Task:
Would you transcribe only the lines below, from the one containing "ongles hailey bieber" through the end of the material, exactly and with no pictures?

Dataset excerpts:
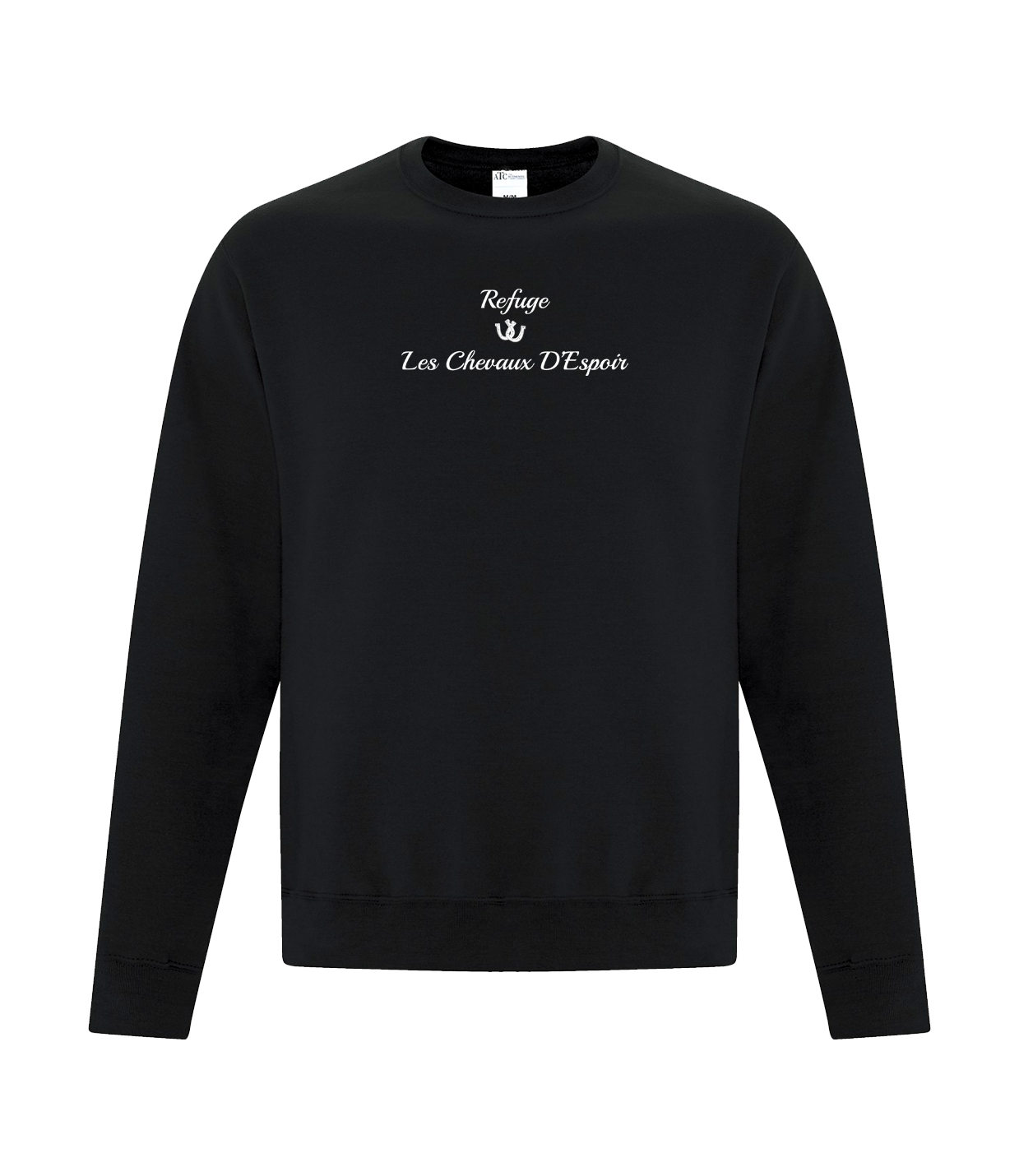 REFUGES PRINTED ''BASIC'' - CREWNECKS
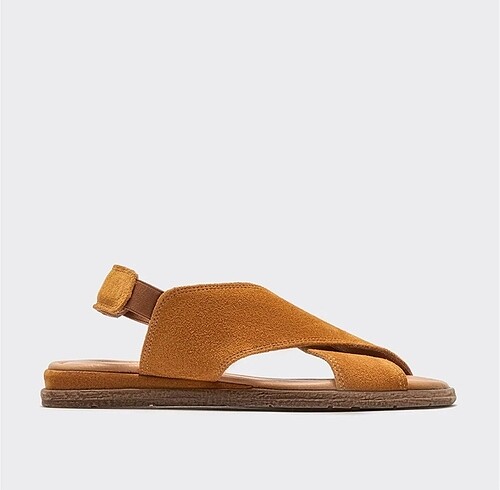 Elle Marcatelli hakiki deri sandalet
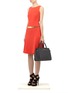 Detail View - Click To Enlarge - ST. JOHN - Buckle leather belt
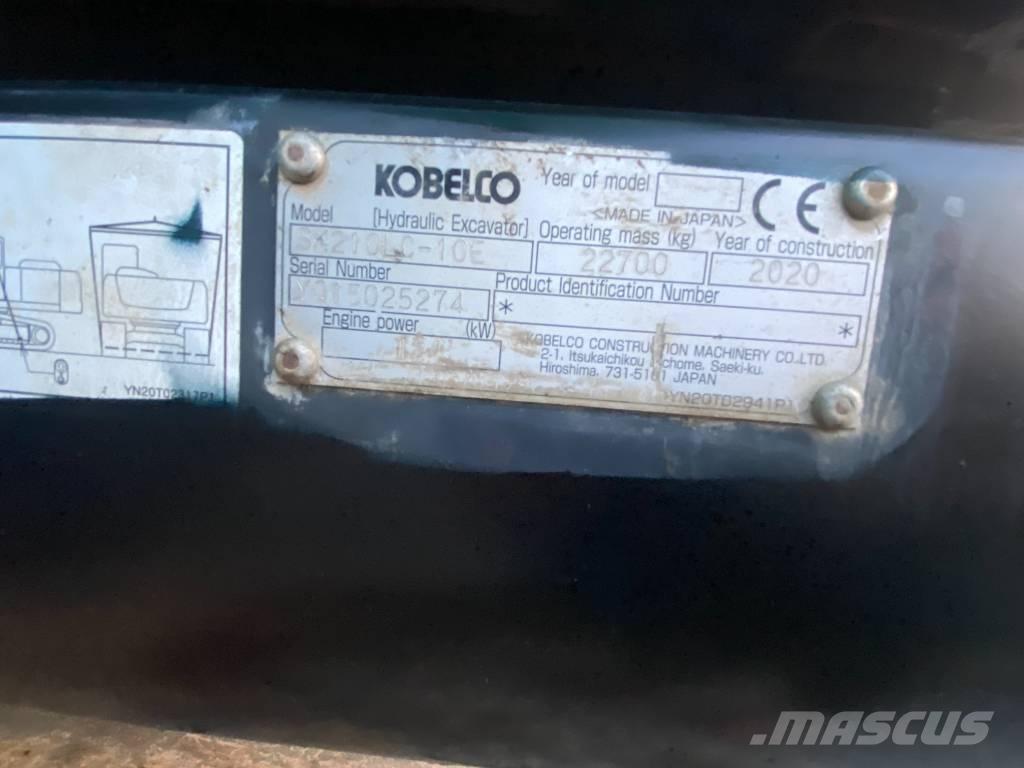 Kobelco SK210LC-10E Escavadeiras de esteiras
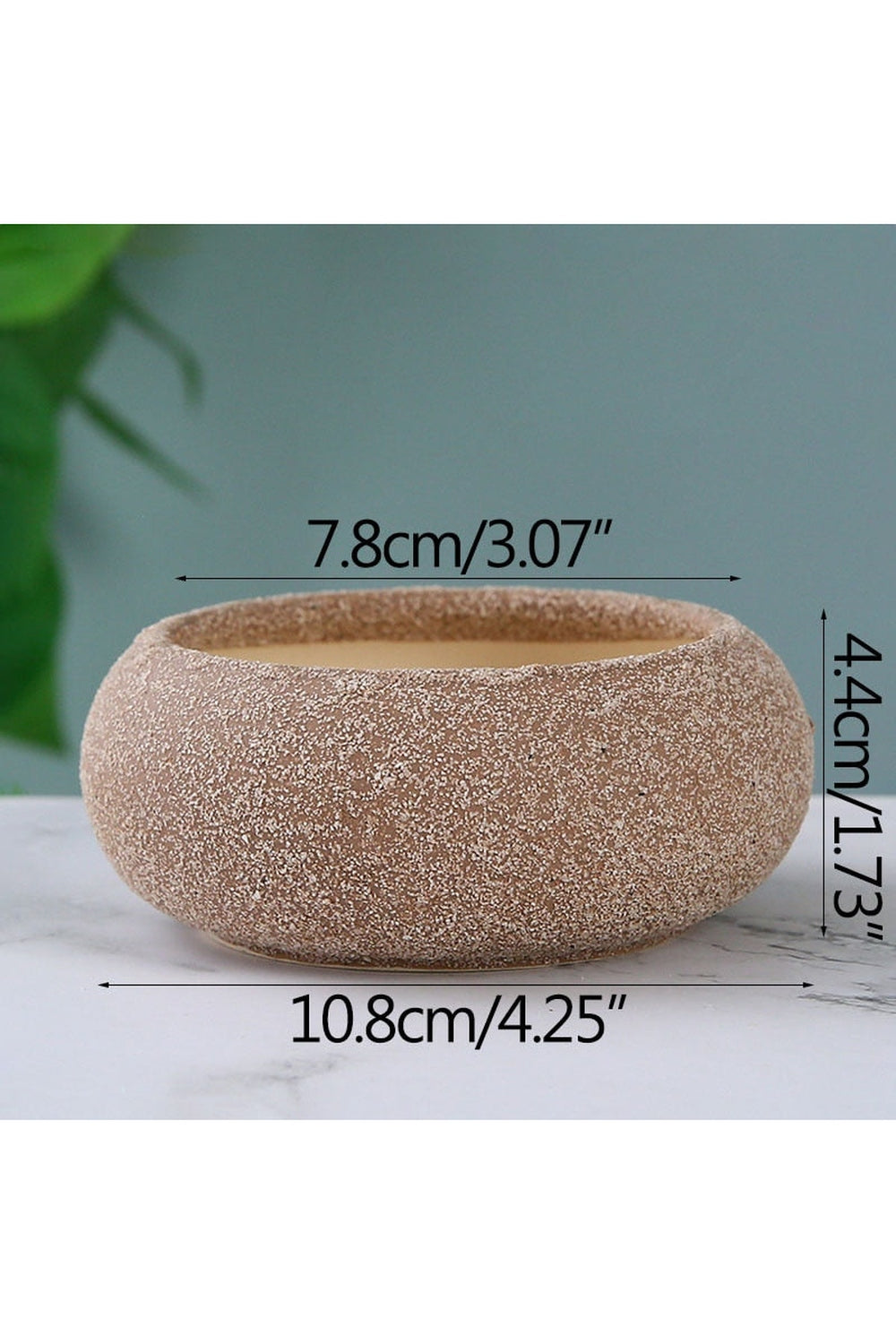 Frosted Stone Flower Pot | Bowlift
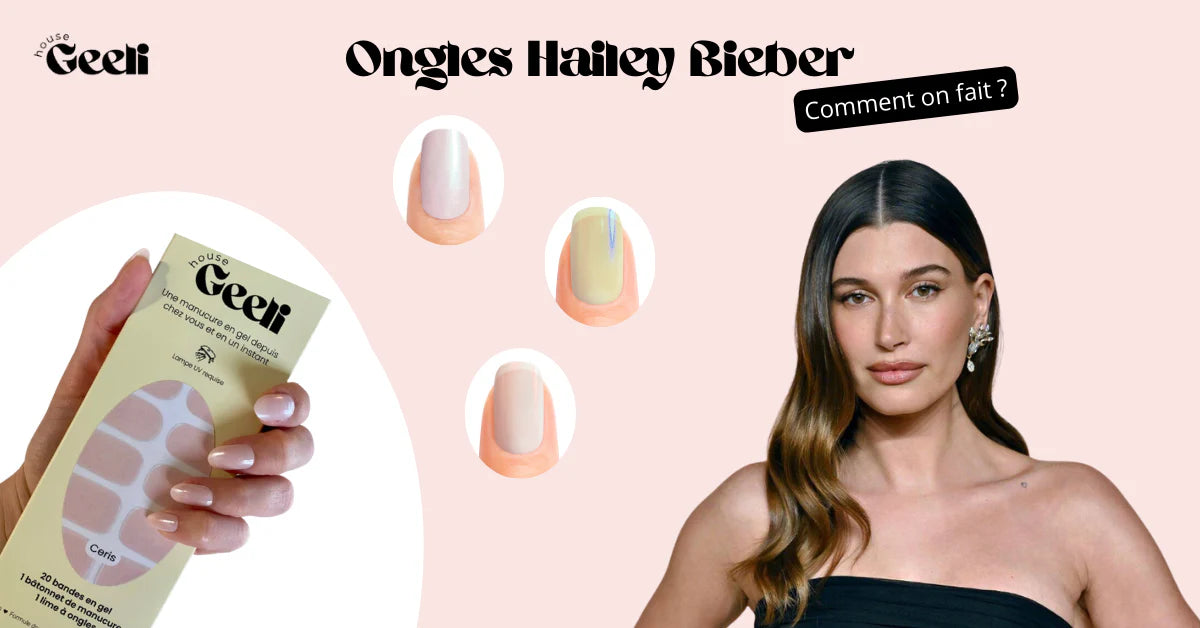 ongles hailey bieber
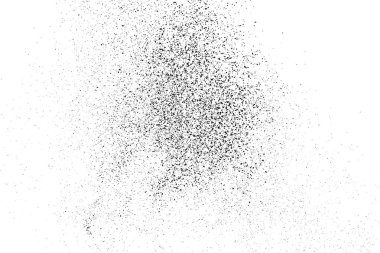  Beyaz arka plan üzerinde izole siyah grenli doku. Toz kaplaması. Karanlık gürültü granül. Dijital olarak oluşturulan görüntü. Vektör tasarım öğeleri, illüstrasyon, Eps 10.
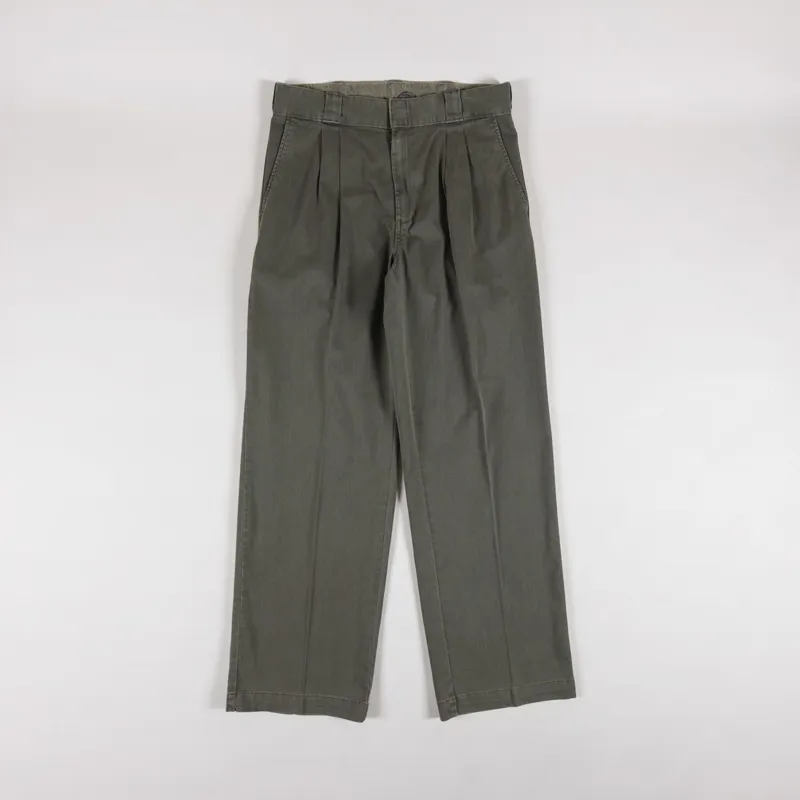 Dickies Unionville Pleated Work Pants Military Green-1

Written response:
 ongles hailey bieber
  Beyaz arka plan üzerinde izole siyah grenli doku. Toz kaplaması. Karanlık gürültü granül. Dijital olarak oluşturulan görüntü. Vektör tasarım öğeleri, illüstrasyon, Eps 10.
 Dickies Unionville Pleated Work Pants Military Green-1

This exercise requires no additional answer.